### [Records shown]
=======

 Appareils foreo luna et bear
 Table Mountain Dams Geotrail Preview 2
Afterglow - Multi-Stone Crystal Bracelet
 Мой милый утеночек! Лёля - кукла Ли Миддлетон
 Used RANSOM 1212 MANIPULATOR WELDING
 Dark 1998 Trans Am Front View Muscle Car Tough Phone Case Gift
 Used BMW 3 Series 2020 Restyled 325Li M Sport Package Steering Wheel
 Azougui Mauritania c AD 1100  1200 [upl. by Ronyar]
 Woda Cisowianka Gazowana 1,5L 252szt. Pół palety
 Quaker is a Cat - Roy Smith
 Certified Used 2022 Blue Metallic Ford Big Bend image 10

=======

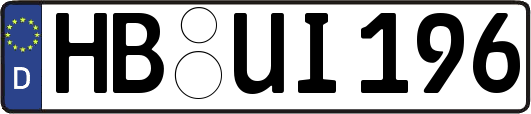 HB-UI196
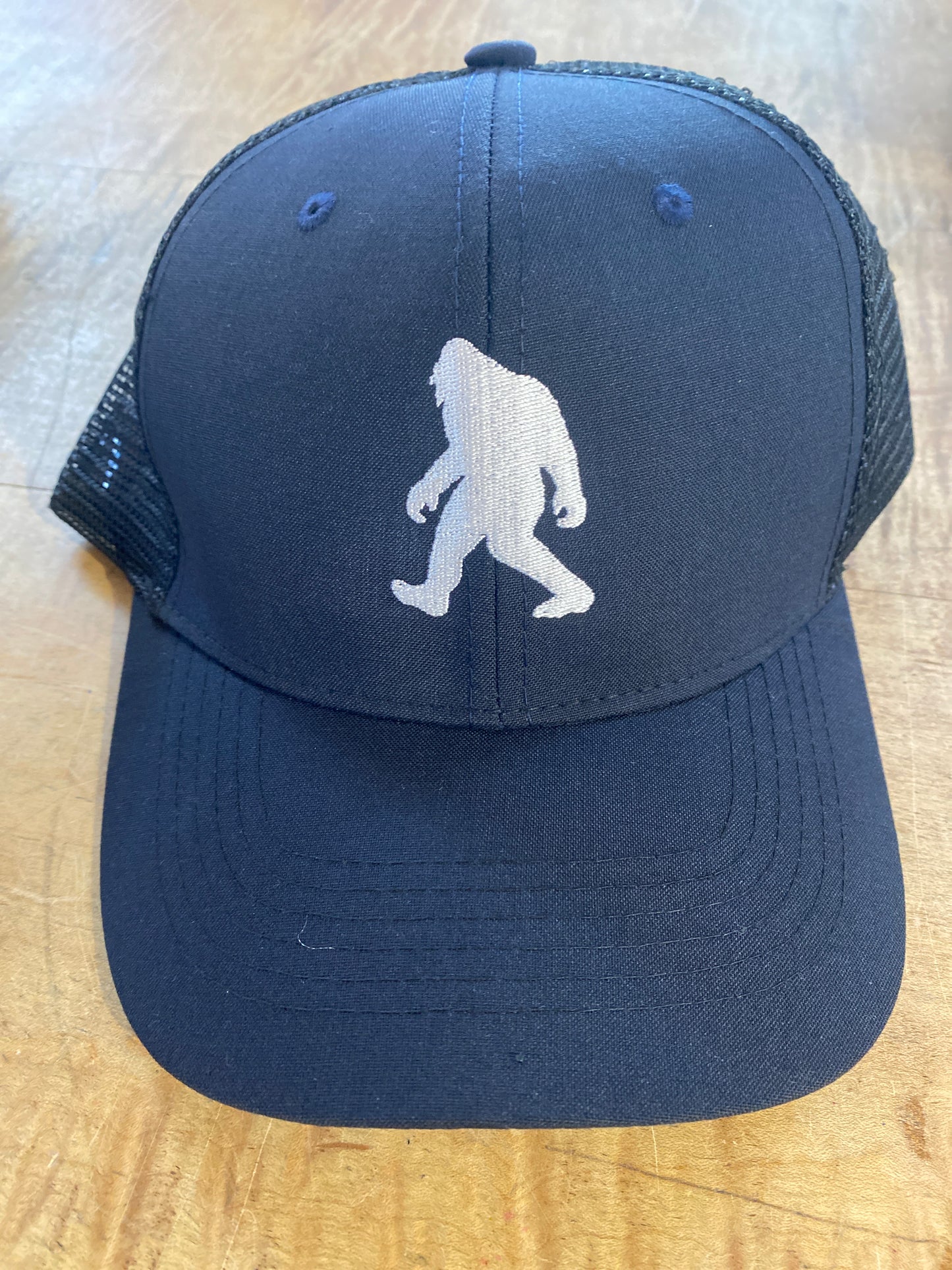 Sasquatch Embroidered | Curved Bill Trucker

=======

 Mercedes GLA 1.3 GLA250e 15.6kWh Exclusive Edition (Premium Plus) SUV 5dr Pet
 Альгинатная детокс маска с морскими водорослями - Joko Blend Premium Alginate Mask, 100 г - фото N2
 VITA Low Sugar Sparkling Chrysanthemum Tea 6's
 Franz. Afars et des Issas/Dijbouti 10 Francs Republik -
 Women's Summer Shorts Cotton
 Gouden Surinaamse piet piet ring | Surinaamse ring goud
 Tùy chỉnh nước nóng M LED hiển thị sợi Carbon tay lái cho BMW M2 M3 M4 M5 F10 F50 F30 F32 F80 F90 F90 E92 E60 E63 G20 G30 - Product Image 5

=======

### [Problem statement]
Return every line from the entries that holds the string "Used".

### [Solution to this task]
 Used RANSOM 1212 MANIPULATOR WELDING
 Used BMW 3 Series 2020 Restyled 325Li M Sport Package Steering Wheel
 Certified Used 2022 Blue Metallic Ford Big Bend image 10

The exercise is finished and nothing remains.